§ Task item: All records below are to be set down precisely as written, excluding pictures.

§ Web page caption snippets:
[Start of section]

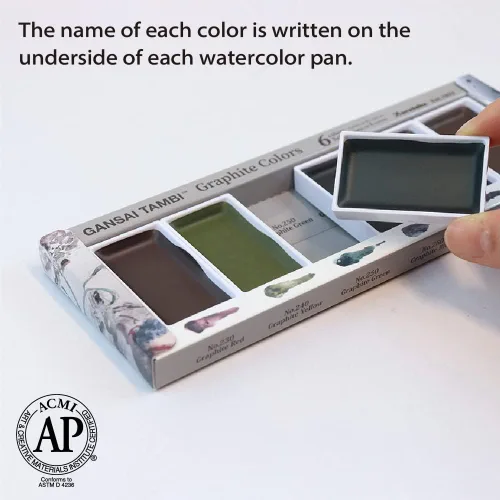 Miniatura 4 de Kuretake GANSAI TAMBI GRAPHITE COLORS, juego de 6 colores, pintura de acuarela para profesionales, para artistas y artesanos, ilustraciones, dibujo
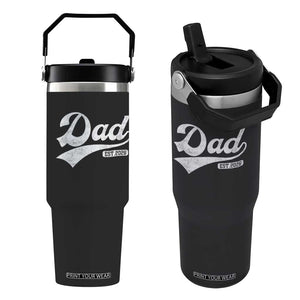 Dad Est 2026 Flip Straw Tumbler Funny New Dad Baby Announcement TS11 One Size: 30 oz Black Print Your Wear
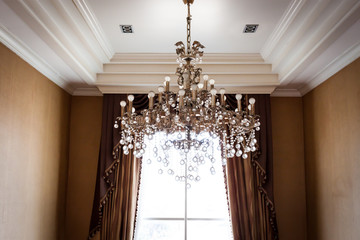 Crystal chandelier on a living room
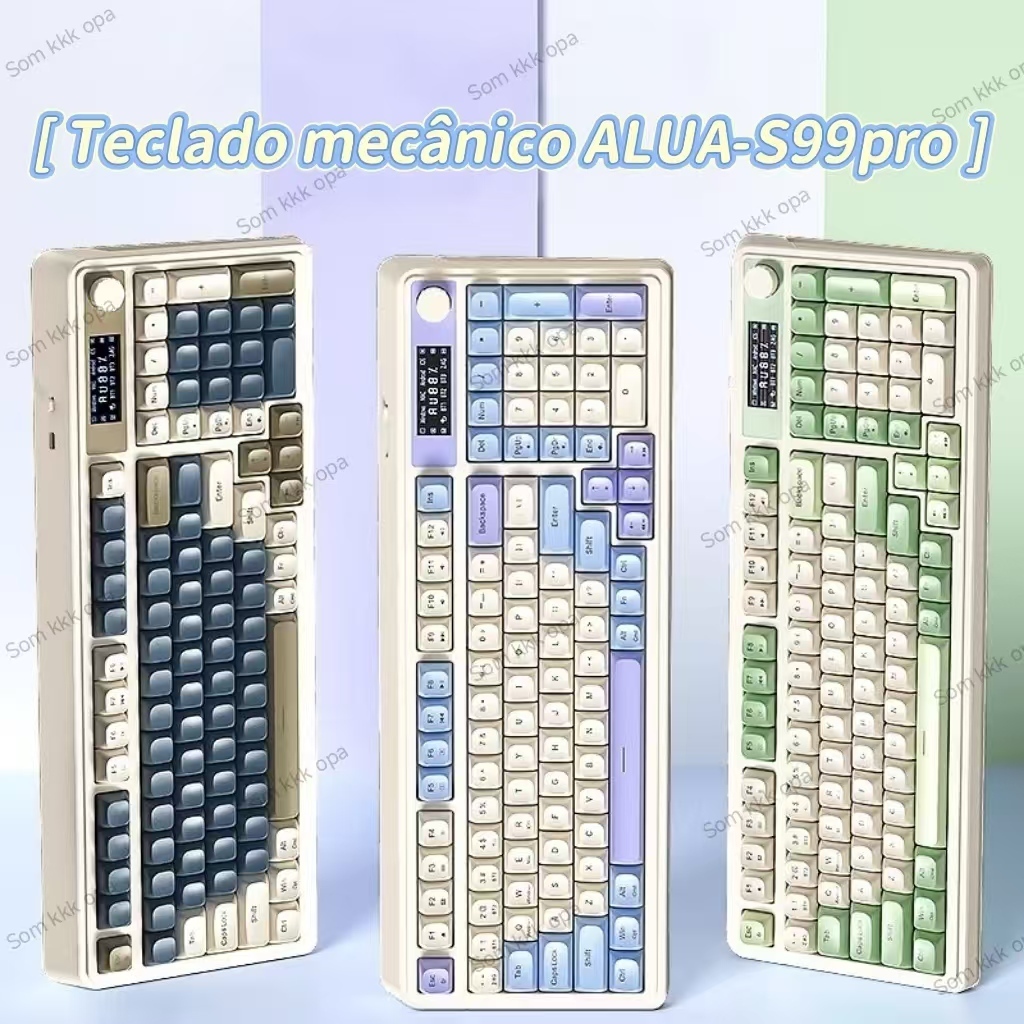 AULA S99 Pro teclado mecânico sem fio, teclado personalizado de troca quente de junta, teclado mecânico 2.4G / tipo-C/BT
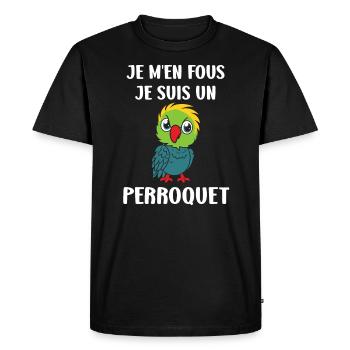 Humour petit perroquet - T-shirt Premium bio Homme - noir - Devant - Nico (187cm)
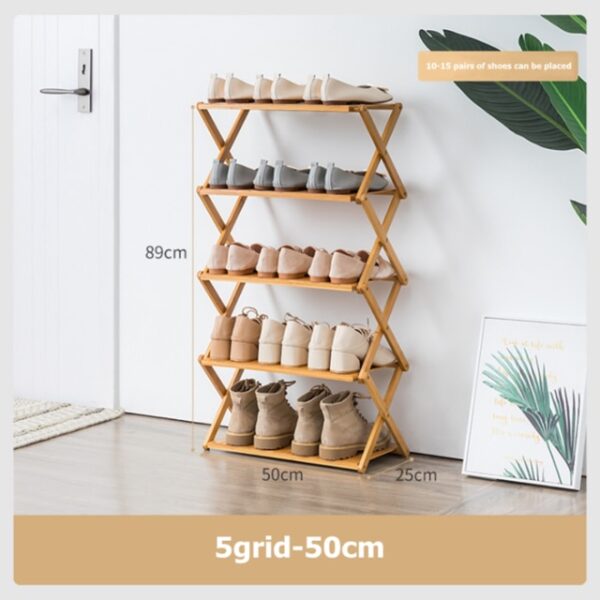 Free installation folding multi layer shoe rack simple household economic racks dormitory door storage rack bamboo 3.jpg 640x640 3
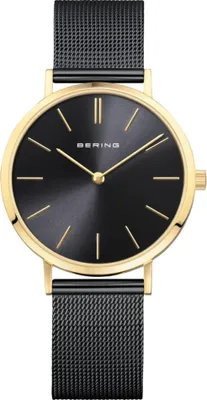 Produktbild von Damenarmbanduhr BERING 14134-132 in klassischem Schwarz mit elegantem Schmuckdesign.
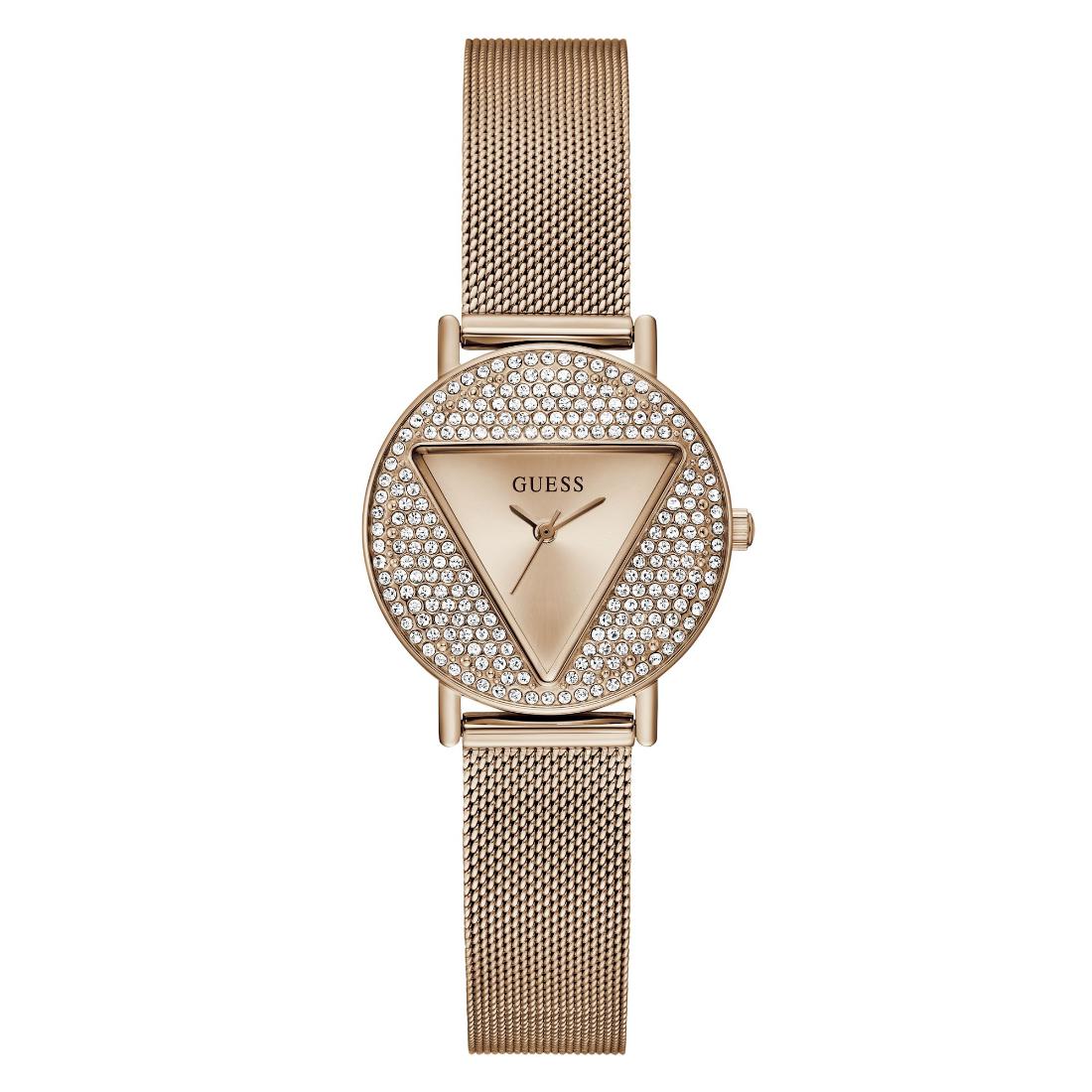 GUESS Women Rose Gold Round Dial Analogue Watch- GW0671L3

[End of section]

§ Problem solution:
 Miniatura 4 de Kuretake GANSAI TAMBI GRAPHITE COLORS, juego de 6 colores, pintura de acuarela para profesionales, para artistas y artesanos, ilustraciones, dibujo
 Dad Est 2026 Flip Straw Tumbler Funny New Dad Baby Announcement TS11 One Size: 30 oz Black Print Your Wear
 Crystal chandelier on a living room
 AULA S99 Pro teclado mecânico sem fio, teclado personalizado de troca quente de junta, teclado mecânico 2.4G / tipo-C/BT
 Humour petit perroquet - T-shirt Premium bio Homme - noir - Devant - Nico (187cm)
 Free installation folding multi layer shoe rack simple household economic racks dormitory door storage rack bamboo 3.jpg 640x640 3
 Produktbild von Damenarmbanduhr BERING 14134-132 in klassischem Schwarz mit elegantem Schmuckdesign.
 GUESS Women Rose Gold Round Dial Analogue Watch- GW0671L3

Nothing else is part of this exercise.